Cash controls at the EU's external and internal frontiers
Background and aim
Generally speaking, money laundering describes the process of introducing the proceeds of crime, such as those generated from drug trafficking or cigarette smuggling, into the legal financial and economic system. It has been widely recognised that passenger traffic is one of the means exploited to move illegal cash (for example, in someone’s luggage) from one country to another, in order to mix it with legal cash flows, thus concealing its origin and rendering it inaccessible to law enforcement authorities once and for all.
Part of the aim of the cash controls is therefore to identify people with contact to terrorist organisations and to seize the money they are carrying in order to crack down on cross-border terrorist financing.
Since 15 June 2007, you must now complete a written declaration if you are crossing the EU's external frontiers and carrying 10,000 Euro or more in cash.
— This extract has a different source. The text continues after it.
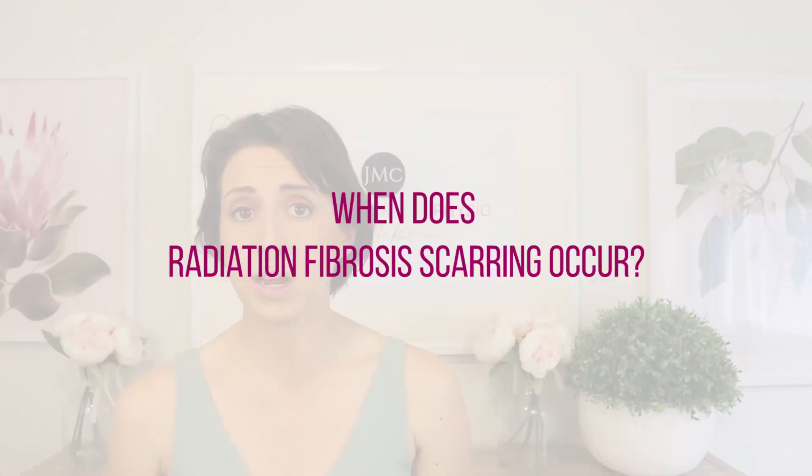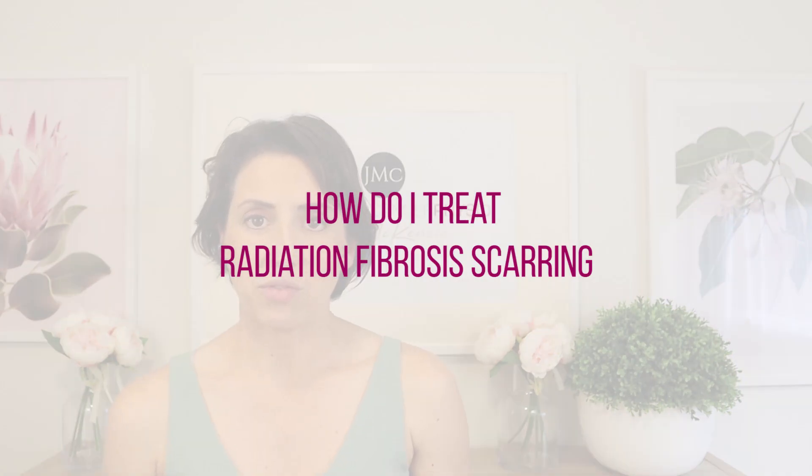Peau d'orange more commonly occurs in someone who's had a lumpectomy rather than a mastectomy. When does radiation fibrosis scarring actually occur? The earliest I've seen it is around the six to eight week mark following radiation. The latest I've seen it is around the five-year mark, though that was rare. More commonly, people coming into my clinic are experiencing symptoms in the three to six months following radiation.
For further information about your obligation to declare and the cash controls, please see the section on the control of cash movements.
In the case of intra-Community passenger traffic (in other words, when you travel from one EU Member State to another), the controls also extend to the movement of precious metals or stones in addition to cash.
Scope of the controls
In going about their duties, customs officials are required and have the authority to ensure compliance with obligations to provide written and verbal declarations.
This means your vehicle and luggage can be subjected to inspection.
Customs officials are authorised to search you if there is reason to suspect that you are carrying cash (at the EU's external frontiers) or cash and precious metals or stones (at the internal frontiers) under your clothes.
To avoid suspicion of money laundering or terrorist financing activities, you are advised to carry documents indicating the owner, provenance, and intended use of the cash or precious metals and stones.